Error Rates and Discrimination
Even though companies like Google and others continue improving their algorithms, error rates remain an issue. Especially affected: women, people of color, and other minorities. These groups have a significantly higher chance of being misidentified or wrongly flagged — a real risk for discrimination and unjustified control measures.

Loss of Agency Through Surveillance
The psychological pressure is real: people behave differently when they know they’re being watched — whether during demonstrations or in public spaces. A loss of anonymity leads to self-censorship: individuals avoid expressing opinions or entering certain places out of fear of being identified.

Pervasive Control in Retail
The real-life case in the article shows: even in a supermarket, facial recognition can quickly lead to exclusion — with little to no justification. These technologies grant retailers unchecked power: “blacklists” can be created, and customers can be included or excluded at will — completely unilaterally. Is this the future we want?

Biometric Data Is Irreversible
Unlike passwords or PINs, your face is part of your body — it can’t be changed. Once a biometric dataset is compromised, the consequences are permanent. Also: where are the servers located? Who has access to the data? These questions are often neither answered transparently nor regulated effectively.

A Dangerous Societal Precedent
Once facial recognition becomes established, it’s nearly impossible to roll back. In China, for example, police can identify suspects in seconds using smart glasses — supported by a social credit system and mass surveillance. In Europe, politics and industry are still debating, but pilot projects are already underway in some sectors — often without clear regulations.


Digitalization with a Sense of Proportion

Digital convenience must not outweigh the protection of our fundamental human rights.

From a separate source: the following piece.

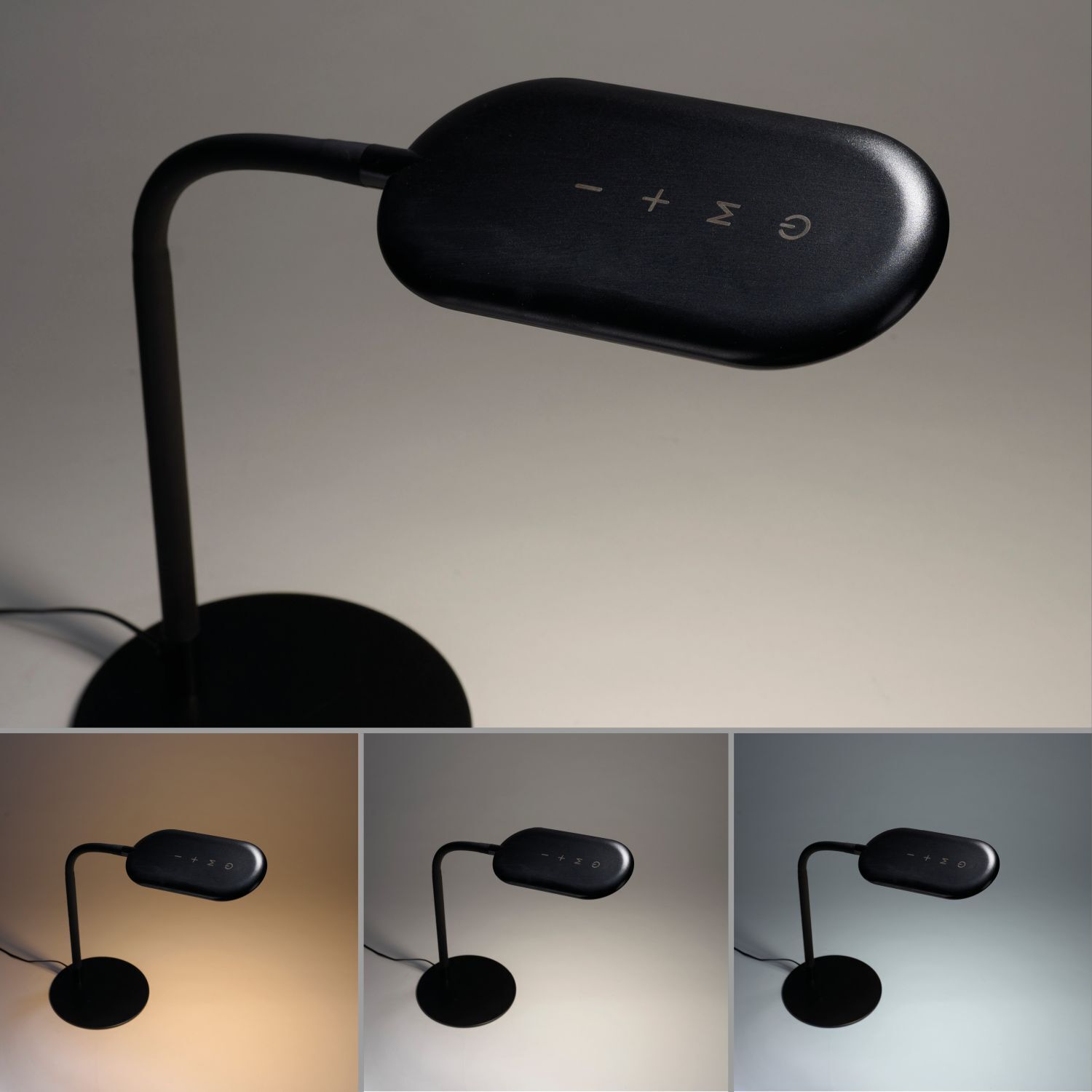 Lampe de table LED flexible noire 3000-6000 K 7 W intensité lumineuse variable Elektrisches Gerät, Mikrophon, Lampe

The conflict between security and privacy is not just technological — it is also political, ethical, and legal at its core.

Concrete Demands for Responsible Use:

  1. Transparency and oversight – Users must know when and why facial recognition is being used and have the right to object.
  2. Independent auditing – Algorithms must be tested and verifiable for errors and bias.
  3. Legal regulation instead of unregulated expansion – Systems like those in China show where unchecked implementation can lead. The EU AI Act and GDPR must be consistently enforced.
  4. Treat biometric data like fundamental rights – This data belongs solely to the individual. Its protection must be a top priority.